評論文対策問題 085(本文1000字・選択肢10個+英訳)

本文(抜粋)

「答えを早く出すこと」が求められる場面が増えている。
問われたら即答できること、正確に効率よく返すことが、能力の指標のように扱われる。
たしかに、すぐに適切な解を導ける力は、現代社会において重要だ。
だが、「正解を出すこと」だけがすべてだろうか。
答えを急ぐあまり、「なぜそう思ったのか」「どう感じたのか」といったプロセスが見過ごされてしまうことがある。
さらには、「正しい答え」が一つあると思い込むことで、異なる視点や曖昧さを排除してしまう危うさもある。
本来、「問い」とは、すぐに正解を出すためだけにあるのではなく、考えを深め、他者と分かち合うための入口ではなかったか。
すぐに答えが出ないことに価値を見いだし、「問い続けること」に意味を認めること。
それは、「正解」よりも大切な、人との理解や学びを生み出すかもしれない。
迷ったり、立ち止まったりしながら、「正しさ」より「深さ」を求める姿勢が、これからの時代に必要とされているのではないだろうか。

【問題】

筆者の主張に最も合致するものを選べ。

  1. すばやく正解を出せることが、思考の深さを示す唯一の方法である。
  2. 答えが一つに決まっている問題ほど、価値が高い。
  3. 間違った考えを含んだ問いは、無意味である。
  4. 迷う時間が長いほど、能力が低いと見なされる。
  5. 問いに対して正解を急がず、考えを深める姿勢が大切である。
  6. 正解を疑うことは、学びの妨げになる。
  7. 社会では、すぐに結論を出す習慣を徹底すべきである。
  8. 考えるよりも、まず答えを暗記することが重要である。
  9. 曖昧な議論は避け、正解のある話題だけを扱うべきである。
  10. 問い続けることは、時間の浪費につながる。
【正解と解説】

正解:5

語句説明:
曖昧:はっきりしないこと。
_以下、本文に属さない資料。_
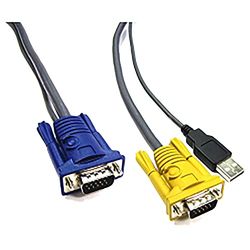 BeMatik - 1,8 m de câble spécial 2 in 1 VGA/USB (HD15M/HD15M + AM)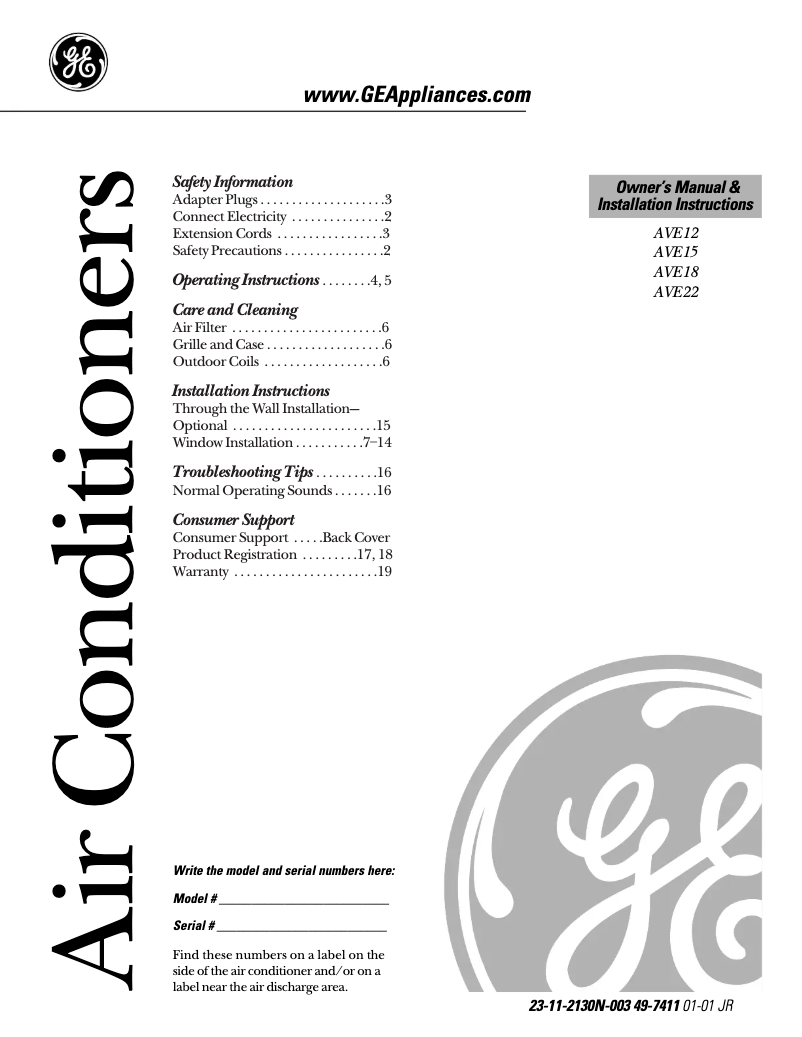 Page 1 de la notice Guide d'installation GE AVE15DA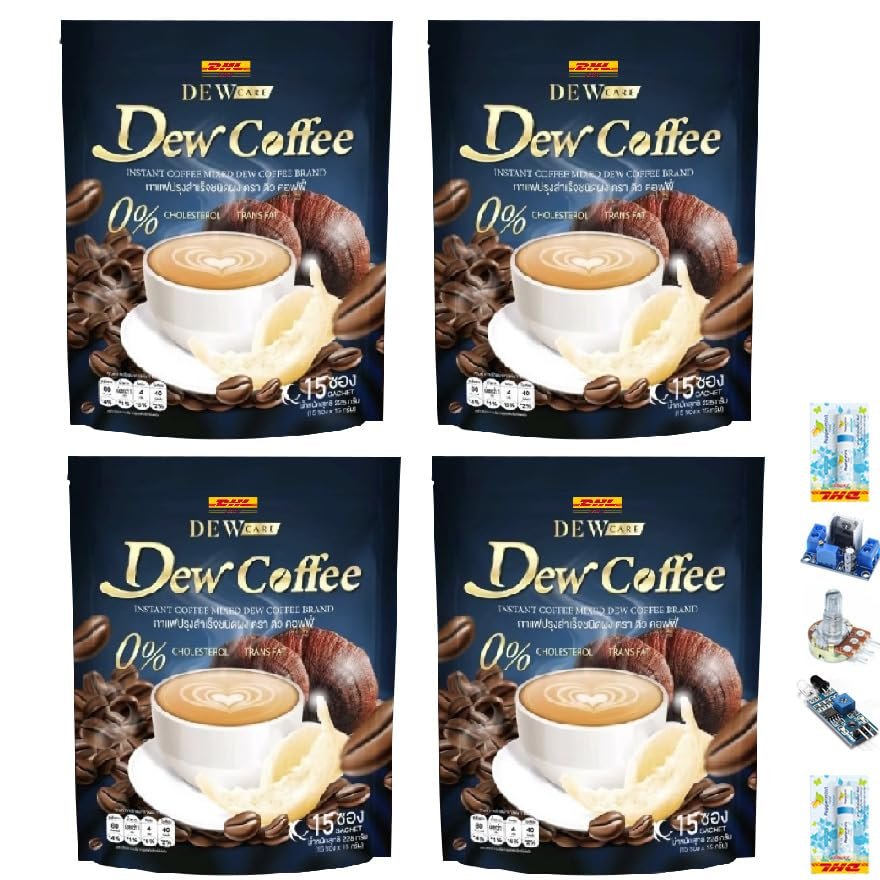 DewCoffee By PiDew Instant Roasted Mix Coffee 225g/Pack Arabica Smooth Natural Delicious Fruit Snack Good Shape (of 4) By Thaigiftshop [Get Free Tomato Facial Mask]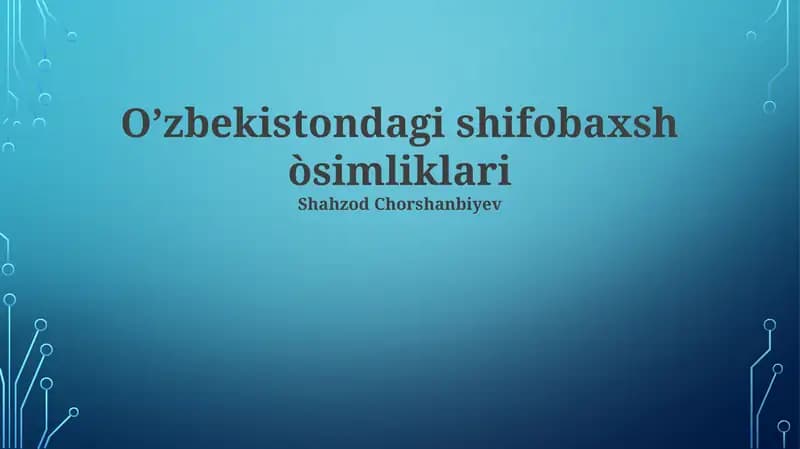 O’zbekistondagi shifobaxsh òsimliklari
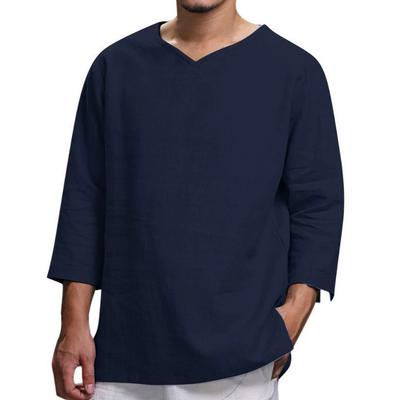T-shirt da uomo in cotone tinta unita, maglietta casual a maniche a tre quarti per vacanze al mare, top da uomo taglia forte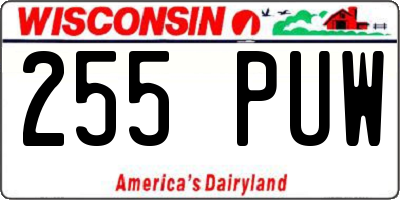 WI license plate 255PUW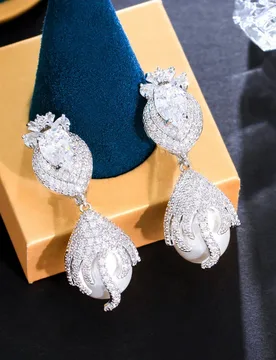 CWWZircons Shiny Cubic Zircon Dangling Drop Luxury Long Pearl Charm Earrings for Women Wedding Brides Jewelry Accessories CZ521 - Aliexpress - FashionsVida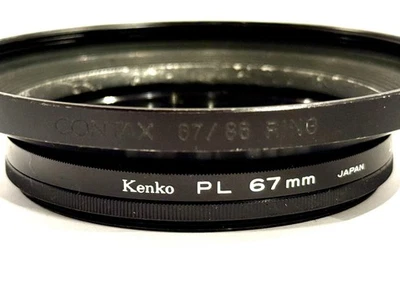 [EXC5] Contax 67/86 ring Metal Step Up ring w/ Kenko PL filter - Image 1 of 4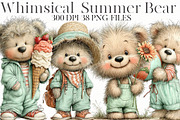 Whimsical Summer bear Clipart, an Illustration by Designworld (Thumbnail 1 of 8)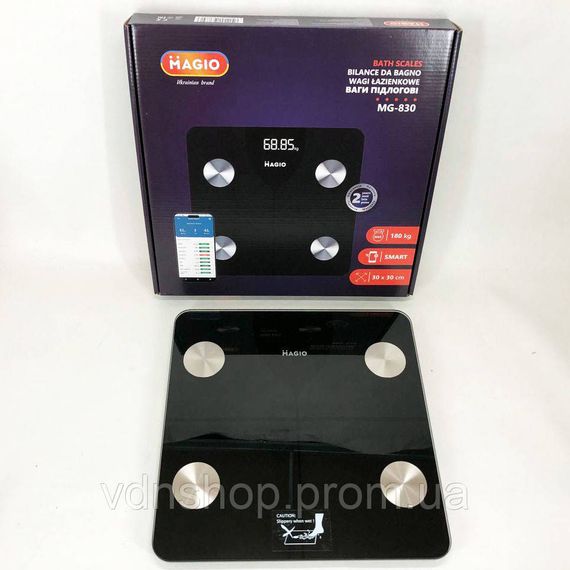 Ваги з функцією синхронізації з додатком MAGIO, Фітнес-ваги підлогові електронні, Розумні побутові ваги XG-30 | Зображення 5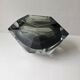 Murano glass Sommerso smoky grey and transparent empty pocket cup 20cm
不明確さを内包する状態。

レベル:共通テスト対策(長文1000字+英訳)|更新:2025-07-23|問題番号:085


【本文の英訳】

These days, quick answers are prized. But answers aren’t everything. Some questions don’t need solving—they need exploring. Not knowing is a start, not a flaw. In delay and doubt, thinking begins.